On the basis of the heuristic framework of the Vulnerability–Stress-Coping (VSC) model (e.g. Zubin and Spring, 1977 and Nuechterlein and Dawson, 1984), relapse in schizophrenia is a result of a complex interaction of vulnerability factors, stress, and (insufficient) protecting factors that could be located on the biological, psychological, and environmental or social level. In addition, before the full re-exacerbation of psychotic symptoms, prodromal symptoms (can) occur as an intermediate state. Thus, a wide spectrum of potential predictors or indicators, including prodromal symptoms, can be expected for relapse in schizophrenia. The objective of this paper was to summarize (mainly recent) evidence regarding predictors for relapse in schizophrenia, including prodromal symptoms, against the background of the heuristic VSC model.

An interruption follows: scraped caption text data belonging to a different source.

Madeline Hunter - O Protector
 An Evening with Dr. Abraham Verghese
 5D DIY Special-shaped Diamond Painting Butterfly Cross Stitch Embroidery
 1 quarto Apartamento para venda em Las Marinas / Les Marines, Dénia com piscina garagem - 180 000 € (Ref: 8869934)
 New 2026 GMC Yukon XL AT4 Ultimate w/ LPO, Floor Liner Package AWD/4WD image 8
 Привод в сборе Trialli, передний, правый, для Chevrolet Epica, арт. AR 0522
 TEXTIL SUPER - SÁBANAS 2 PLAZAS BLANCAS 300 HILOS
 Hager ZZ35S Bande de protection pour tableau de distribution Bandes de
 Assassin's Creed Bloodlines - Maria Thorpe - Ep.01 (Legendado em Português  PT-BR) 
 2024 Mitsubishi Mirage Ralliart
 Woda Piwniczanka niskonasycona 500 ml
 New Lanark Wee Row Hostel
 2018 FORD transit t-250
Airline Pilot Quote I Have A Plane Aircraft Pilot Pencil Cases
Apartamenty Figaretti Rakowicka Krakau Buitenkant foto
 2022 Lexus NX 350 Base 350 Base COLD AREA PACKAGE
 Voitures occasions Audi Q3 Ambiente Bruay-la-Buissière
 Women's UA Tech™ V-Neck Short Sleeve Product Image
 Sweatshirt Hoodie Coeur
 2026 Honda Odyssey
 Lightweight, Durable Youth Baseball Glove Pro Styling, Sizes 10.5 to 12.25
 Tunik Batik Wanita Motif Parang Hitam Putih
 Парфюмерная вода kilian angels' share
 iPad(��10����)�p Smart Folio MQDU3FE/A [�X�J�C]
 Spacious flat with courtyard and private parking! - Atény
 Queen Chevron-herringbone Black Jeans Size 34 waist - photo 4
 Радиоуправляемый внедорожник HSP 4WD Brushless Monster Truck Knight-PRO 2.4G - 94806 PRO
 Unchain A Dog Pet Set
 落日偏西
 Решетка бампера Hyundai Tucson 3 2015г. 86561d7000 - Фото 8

In addition, the data from a randomized controlled trial (RCT) on different long-term treatment strategies in first-episode patients conducted between 2000 and 2006 (Gaebel et al, 2007 and Gaebel et al, 2011) were re-analyzed.
Regarding the literature review, relevant publications published between 2005 and October 2012 were identified through a PubMed search using the following (combined) search terms: Schizophrenia OR psychosis; relapse OR exacerbation OR outcome OR course; predictors OR indicators; prodromes OR early warning signs.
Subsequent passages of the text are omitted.